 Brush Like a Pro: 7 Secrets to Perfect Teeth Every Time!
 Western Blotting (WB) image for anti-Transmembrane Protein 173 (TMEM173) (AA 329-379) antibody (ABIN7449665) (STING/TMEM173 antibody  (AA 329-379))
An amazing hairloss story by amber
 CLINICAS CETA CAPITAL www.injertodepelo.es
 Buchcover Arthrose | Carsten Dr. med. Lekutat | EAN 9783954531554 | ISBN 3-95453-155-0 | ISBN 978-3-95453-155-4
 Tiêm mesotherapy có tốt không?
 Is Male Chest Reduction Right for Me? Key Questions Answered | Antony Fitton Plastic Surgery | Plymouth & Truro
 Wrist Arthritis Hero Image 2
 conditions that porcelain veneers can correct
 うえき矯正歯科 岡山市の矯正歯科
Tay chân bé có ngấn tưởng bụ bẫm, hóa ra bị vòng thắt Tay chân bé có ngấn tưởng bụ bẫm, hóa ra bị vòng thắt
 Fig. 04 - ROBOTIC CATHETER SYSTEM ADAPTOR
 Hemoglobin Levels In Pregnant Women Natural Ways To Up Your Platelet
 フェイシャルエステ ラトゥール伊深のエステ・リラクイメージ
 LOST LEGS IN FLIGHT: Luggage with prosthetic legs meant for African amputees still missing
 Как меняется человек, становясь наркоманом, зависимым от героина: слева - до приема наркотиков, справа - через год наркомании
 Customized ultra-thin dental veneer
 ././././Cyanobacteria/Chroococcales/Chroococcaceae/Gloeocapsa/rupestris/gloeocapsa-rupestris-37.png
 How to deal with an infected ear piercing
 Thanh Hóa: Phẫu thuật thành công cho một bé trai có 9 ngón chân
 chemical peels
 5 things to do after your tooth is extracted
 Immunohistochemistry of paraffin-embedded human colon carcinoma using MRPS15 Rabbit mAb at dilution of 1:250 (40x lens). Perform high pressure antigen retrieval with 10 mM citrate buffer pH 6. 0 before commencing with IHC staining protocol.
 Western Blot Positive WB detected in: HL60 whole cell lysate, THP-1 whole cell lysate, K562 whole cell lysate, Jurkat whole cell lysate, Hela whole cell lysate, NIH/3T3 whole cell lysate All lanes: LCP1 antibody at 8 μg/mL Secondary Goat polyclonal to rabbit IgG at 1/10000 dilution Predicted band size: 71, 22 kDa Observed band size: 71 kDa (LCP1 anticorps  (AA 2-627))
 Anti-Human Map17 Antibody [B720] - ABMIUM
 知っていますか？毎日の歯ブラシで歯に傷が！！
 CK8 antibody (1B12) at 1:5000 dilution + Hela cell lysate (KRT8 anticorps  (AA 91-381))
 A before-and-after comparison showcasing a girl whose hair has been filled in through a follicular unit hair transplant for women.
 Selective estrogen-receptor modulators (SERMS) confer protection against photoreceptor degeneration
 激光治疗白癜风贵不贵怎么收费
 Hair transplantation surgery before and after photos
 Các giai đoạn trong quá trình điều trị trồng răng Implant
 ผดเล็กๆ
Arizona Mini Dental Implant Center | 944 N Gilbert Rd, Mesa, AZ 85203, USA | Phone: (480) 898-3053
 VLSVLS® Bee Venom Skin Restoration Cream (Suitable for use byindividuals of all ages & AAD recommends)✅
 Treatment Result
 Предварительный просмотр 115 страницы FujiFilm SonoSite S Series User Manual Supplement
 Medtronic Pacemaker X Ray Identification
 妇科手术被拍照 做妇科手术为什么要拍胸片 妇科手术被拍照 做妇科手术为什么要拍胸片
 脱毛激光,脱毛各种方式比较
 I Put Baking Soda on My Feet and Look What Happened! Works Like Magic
━━━━━━━━━━━━━━━━━━━━
[Task objective]
Copy out only the lines running from the beginning of the data to the line with "知っていますか？毎日の歯ブラシで歯に傷が！！", both ends included.

[Solution to the exercise]
 Brush Like a Pro: 7 Secrets to Perfect Teeth Every Time!
 Western Blotting (WB) image for anti-Transmembrane Protein 173 (TMEM173) (AA 329-379) antibody (ABIN7449665) (STING/TMEM173 antibody  (AA 329-379))
An amazing hairloss story by amber
 CLINICAS CETA CAPITAL www.injertodepelo.es
 Buchcover Arthrose | Carsten Dr. med. Lekutat | EAN 9783954531554 | ISBN 3-95453-155-0 | ISBN 978-3-95453-155-4
 Tiêm mesotherapy có tốt không?
 Is Male Chest Reduction Right for Me? Key Questions Answered | Antony Fitton Plastic Surgery | Plymouth & Truro
 Wrist Arthritis Hero Image 2
 conditions that porcelain veneers can correct
 うえき矯正歯科 岡山市の矯正歯科
Tay chân bé có ngấn tưởng bụ bẫm, hóa ra bị vòng thắt Tay chân bé có ngấn tưởng bụ bẫm, hóa ra bị vòng thắt
 Fig. 04 - ROBOTIC CATHETER SYSTEM ADAPTOR
 Hemoglobin Levels In Pregnant Women Natural Ways To Up Your Platelet
 フェイシャルエステ ラトゥール伊深のエステ・リラクイメージ
 LOST LEGS IN FLIGHT: Luggage with prosthetic legs meant for African amputees still missing
 Как меняется человек, становясь наркоманом, зависимым от героина: слева - до приема наркотиков, справа - через год наркомании
 Customized ultra-thin dental veneer
 ././././Cyanobacteria/Chroococcales/Chroococcaceae/Gloeocapsa/rupestris/gloeocapsa-rupestris-37.png
 How to deal with an infected ear piercing
 Thanh Hóa: Phẫu thuật thành công cho một bé trai có 9 ngón chân
 chemical peels
 5 things to do after your tooth is extracted
 Immunohistochemistry of paraffin-embedded human colon carcinoma using MRPS15 Rabbit mAb at dilution of 1:250 (40x lens). Perform high pressure antigen retrieval with 10 mM citrate buffer pH 6. 0 before commencing with IHC staining protocol.
 Western Blot Positive WB detected in: HL60 whole cell lysate, THP-1 whole cell lysate, K562 whole cell lysate, Jurkat whole cell lysate, Hela whole cell lysate, NIH/3T3 whole cell lysate All lanes: LCP1 antibody at 8 μg/mL Secondary Goat polyclonal to rabbit IgG at 1/10000 dilution Predicted band size: 71, 22 kDa Observed band size: 71 kDa (LCP1 anticorps  (AA 2-627))
 Anti-Human Map17 Antibody [B720] - ABMIUM
 知っていますか？毎日の歯ブラシで歯に傷が！！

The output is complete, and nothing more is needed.